A father has asked the internet for advice following an incident with his sister and his 8-year-old daughter. He and his wife had left his sister at home babysitting their daughter while they attended work events. However, things did not go according to plan, and he received an angry call from his sister saying she could no longer take care of their child and they’d have to return home. It later transpired that the 8-year old had fetched her auntie some towels, and suggested she freshen up in the shower, as there was an unpleasant smell coming from her!

Embarrassed by the situation, the woman demanded that her brother punish his daughter.

I (35m) have a daughter “Kelly” (8f) with my wife. I also have a sister “Dina” (33f) who has 2 kids (7m and 12f). Our houses are literally across the road from each other. Occasionally we babysit kids for each other, however the kids have to stay at our house since my daughter is allergic to dogs and Dina has 2.

Both me and my wife were attending a work event last week and have asked Dina to babysit our daughter in advance which wasn’t a problem as the kids wanted to watch some cartoons together anyway. However half way through the event I have received a call from Dina saying I need to come home now as she is leaving over what my daughter said. I was very confused so me and my wife left the event early, thinking something horrible had happened.
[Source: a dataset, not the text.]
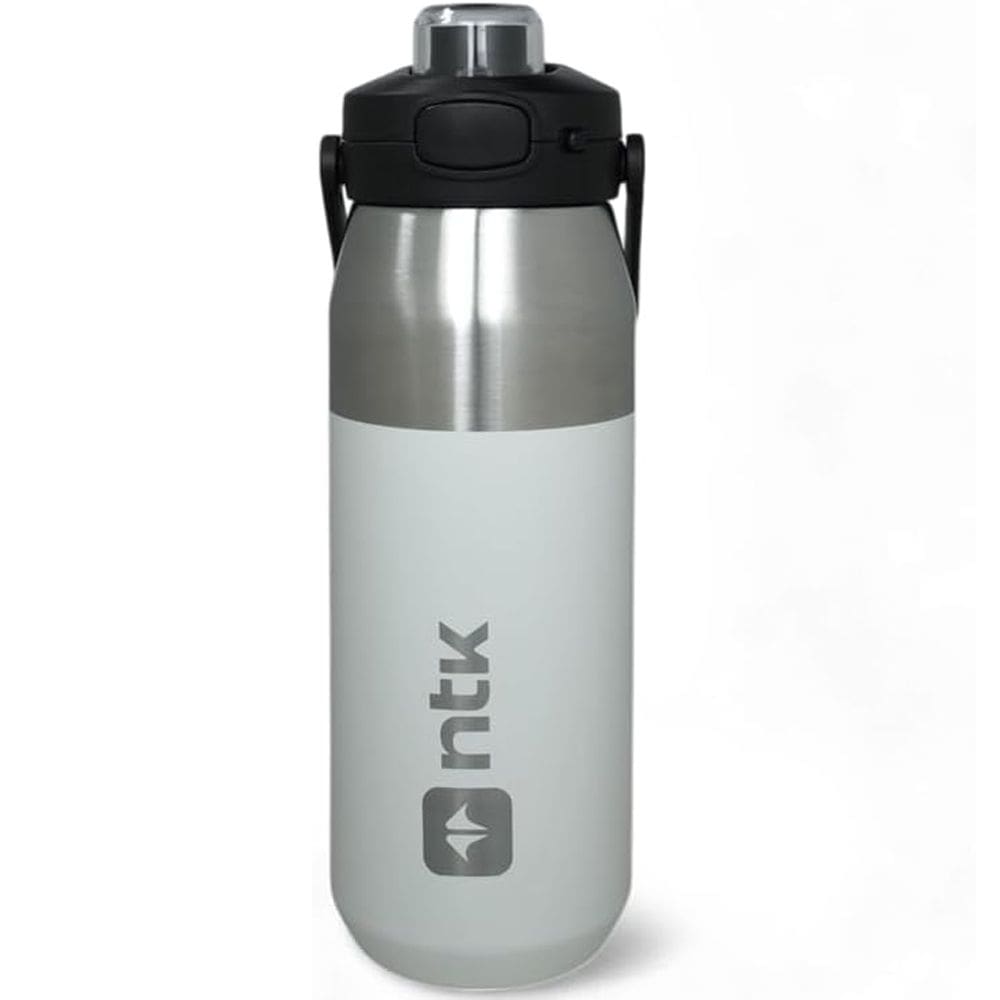 Garrafa Térmica Isomax 750ml Aço Inoxidável NTK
Upon returning my sister was furious and said she will never look after our daughter as she has an attitude. I have asked Kelly what happened and she said she just brought my sister some towels saying she can take a shower if she needs to as well as there are some “feminine products” in the bathroom because “there was an unpleasant smell coming from the auntie”. I came closer to my sister and could also smell a rather sharp unpleasant odour from her so I could understand where my daughter was coming from.


Dina demanded I punish my daughter, but I refused and said she didn’t do anything wrong and me or my wife would possibly approached her in a similar way in this case. Dina called me an asshole and since then would bring her kids home not allowing them to play or talk to Kelly, which is upsetting. My wife thinks my sister is being petty and unnecessary cruel over an innocent comment and our daughter wanted to be helpful.

Many people were of the opinion that the young girl didn’t offend her auntie on purpose, and that as a mother herself, she should be aware that children often blurt out things they shouldn’t.

So here’s the thing if auntie really smells, even I as her sister would’ve been like “I know this is embarrassing but girl you are a bit smelly, you might want to handle that. I got some towels and toiletries for you if you need” but your sister, instead of owning it, just got mad and offended. NTA for not punishing your daughter if she said it in a respectful way. If she was nasty to auntie, then yeah, I would have a conversation about that with her and find an appropriate punishment. 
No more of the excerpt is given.